#### ACTION ITEM
Within the listing below, please copy exactly the lines between the line holding "Outdoor Metal Glass Top Table" and the line holding "Rainbow Moonstone Oval", inclusive.

#### DATA PROVIDED

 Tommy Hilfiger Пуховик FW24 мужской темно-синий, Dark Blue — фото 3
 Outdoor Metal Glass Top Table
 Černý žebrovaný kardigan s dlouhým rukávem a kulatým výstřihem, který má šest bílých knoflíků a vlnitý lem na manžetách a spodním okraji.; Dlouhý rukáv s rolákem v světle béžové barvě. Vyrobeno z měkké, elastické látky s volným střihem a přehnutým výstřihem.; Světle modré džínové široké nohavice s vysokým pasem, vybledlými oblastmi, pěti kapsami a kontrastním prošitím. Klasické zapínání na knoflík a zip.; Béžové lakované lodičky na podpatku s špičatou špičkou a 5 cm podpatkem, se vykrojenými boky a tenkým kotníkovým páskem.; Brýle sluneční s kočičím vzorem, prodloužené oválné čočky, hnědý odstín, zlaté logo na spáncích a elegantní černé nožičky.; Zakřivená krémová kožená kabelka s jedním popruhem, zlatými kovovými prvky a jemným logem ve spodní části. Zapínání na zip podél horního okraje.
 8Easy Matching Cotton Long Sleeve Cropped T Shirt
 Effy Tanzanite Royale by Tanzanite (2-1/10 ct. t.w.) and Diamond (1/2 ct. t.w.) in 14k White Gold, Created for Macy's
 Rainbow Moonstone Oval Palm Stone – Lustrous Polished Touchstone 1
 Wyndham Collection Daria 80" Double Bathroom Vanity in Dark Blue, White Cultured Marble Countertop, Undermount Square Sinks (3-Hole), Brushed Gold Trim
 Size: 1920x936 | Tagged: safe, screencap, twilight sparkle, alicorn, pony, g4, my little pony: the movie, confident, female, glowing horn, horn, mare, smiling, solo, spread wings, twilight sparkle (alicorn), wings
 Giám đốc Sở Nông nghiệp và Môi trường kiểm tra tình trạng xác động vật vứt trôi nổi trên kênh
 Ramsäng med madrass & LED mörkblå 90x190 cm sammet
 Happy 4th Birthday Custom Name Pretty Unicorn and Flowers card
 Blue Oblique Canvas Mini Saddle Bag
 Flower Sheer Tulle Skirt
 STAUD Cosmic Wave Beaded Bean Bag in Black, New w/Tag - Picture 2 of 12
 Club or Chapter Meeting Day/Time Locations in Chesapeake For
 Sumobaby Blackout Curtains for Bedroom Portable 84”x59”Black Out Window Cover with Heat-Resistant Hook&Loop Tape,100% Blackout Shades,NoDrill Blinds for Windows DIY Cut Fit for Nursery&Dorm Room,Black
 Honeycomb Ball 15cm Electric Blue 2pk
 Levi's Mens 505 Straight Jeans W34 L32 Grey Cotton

#### WORKED SOLUTION
 Outdoor Metal Glass Top Table
 Černý žebrovaný kardigan s dlouhým rukávem a kulatým výstřihem, který má šest bílých knoflíků a vlnitý lem na manžetách a spodním okraji.; Dlouhý rukáv s rolákem v světle béžové barvě. Vyrobeno z měkké, elastické látky s volným střihem a přehnutým výstřihem.; Světle modré džínové široké nohavice s vysokým pasem, vybledlými oblastmi, pěti kapsami a kontrastním prošitím. Klasické zapínání na knoflík a zip.; Béžové lakované lodičky na podpatku s špičatou špičkou a 5 cm podpatkem, se vykrojenými boky a tenkým kotníkovým páskem.; Brýle sluneční s kočičím vzorem, prodloužené oválné čočky, hnědý odstín, zlaté logo na spáncích a elegantní černé nožičky.; Zakřivená krémová kožená kabelka s jedním popruhem, zlatými kovovými prvky a jemným logem ve spodní části. Zapínání na zip podél horního okraje.
 8Easy Matching Cotton Long Sleeve Cropped T Shirt
 Effy Tanzanite Royale by Tanzanite (2-1/10 ct. t.w.) and Diamond (1/2 ct. t.w.) in 14k White Gold, Created for Macy's
 Rainbow Moonstone Oval Palm Stone – Lustrous Polished Touchstone 1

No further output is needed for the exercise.